Write out again only the lines between the one with "Лекция на тема" and the end of the records below, both ends counted, and don't include the pictures.

(Brief descriptive captions)
[Start of Attachment]

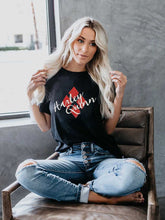 Load image into Gallery viewer, Camiseta feminina de manga curta Harley Quinn estampada
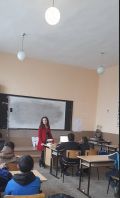 Лекция на тема "Орално здраве" от Г-жа Бонка Дойчевска за прогимназиален етап - ОУ Христо Ботев - Паничери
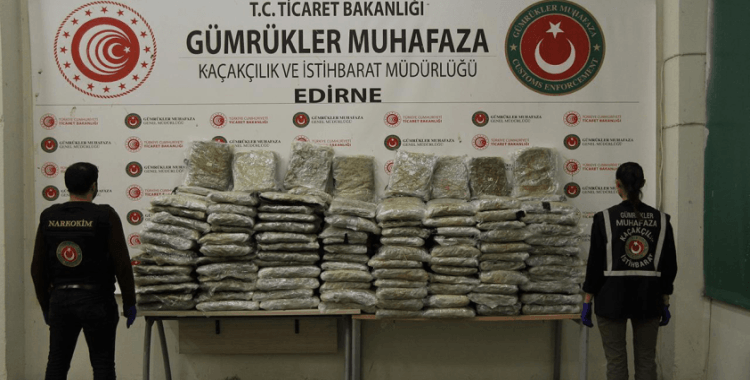 Edirne'de zehir tacirlerine göz açtırılmıyor: 5,2 ton uyuşturucu ele geçirildi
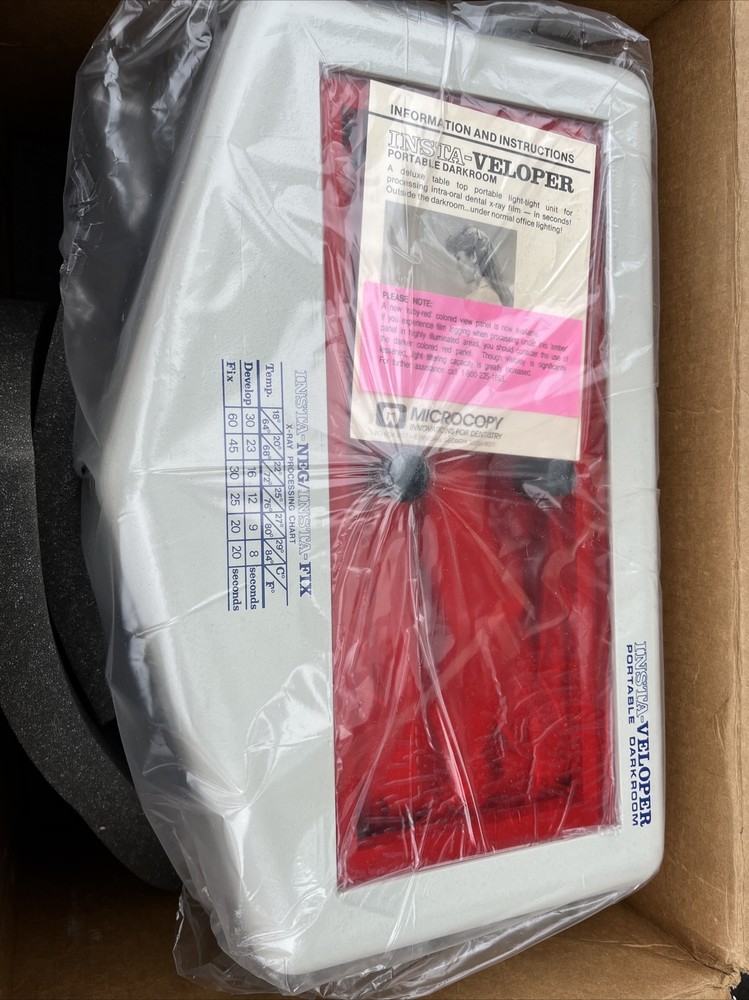 Microcopy Insta-Veloper Portable Darkroom.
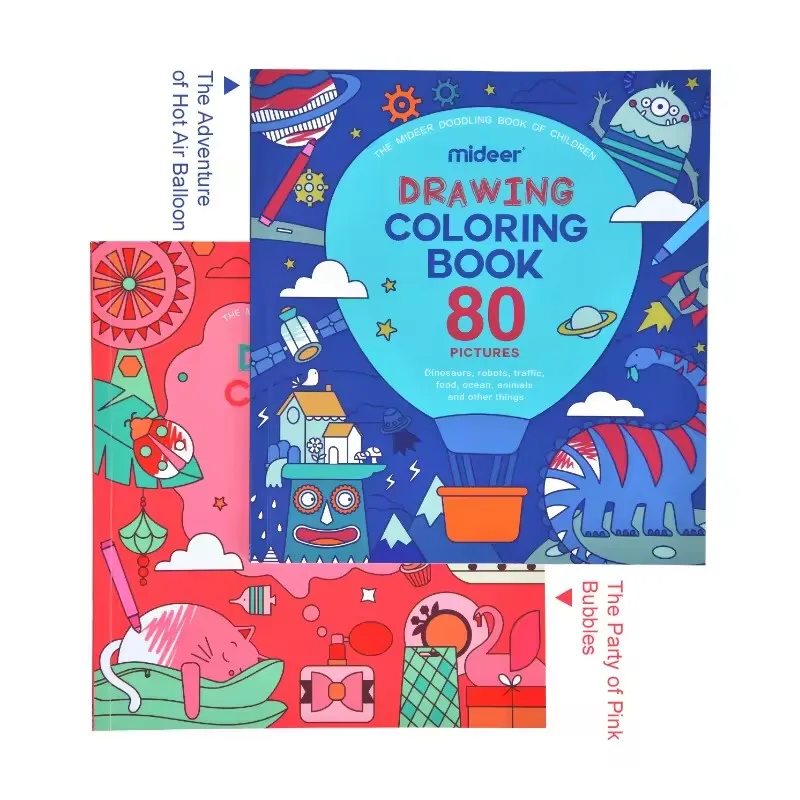 Mideer dessin livre de coloriage 80 images dessin livres d'art enfants jouets éducatifs pour enfants garçons filles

[End of Attachment]

COMPLETED EXERCISE:
 Лекция на тема "Орално здраве" от Г-жа Бонка Дойчевска за прогимназиален етап - ОУ Христо Ботев - Паничери
 Edirne'de zehir tacirlerine göz açtırılmıyor: 5,2 ton uyuşturucu ele geçirildi
 Microcopy Insta-Veloper Portable Darkroom.
 Mideer dessin livre de coloriage 80 images dessin livres d'art enfants jouets éducatifs pour enfants garçons filles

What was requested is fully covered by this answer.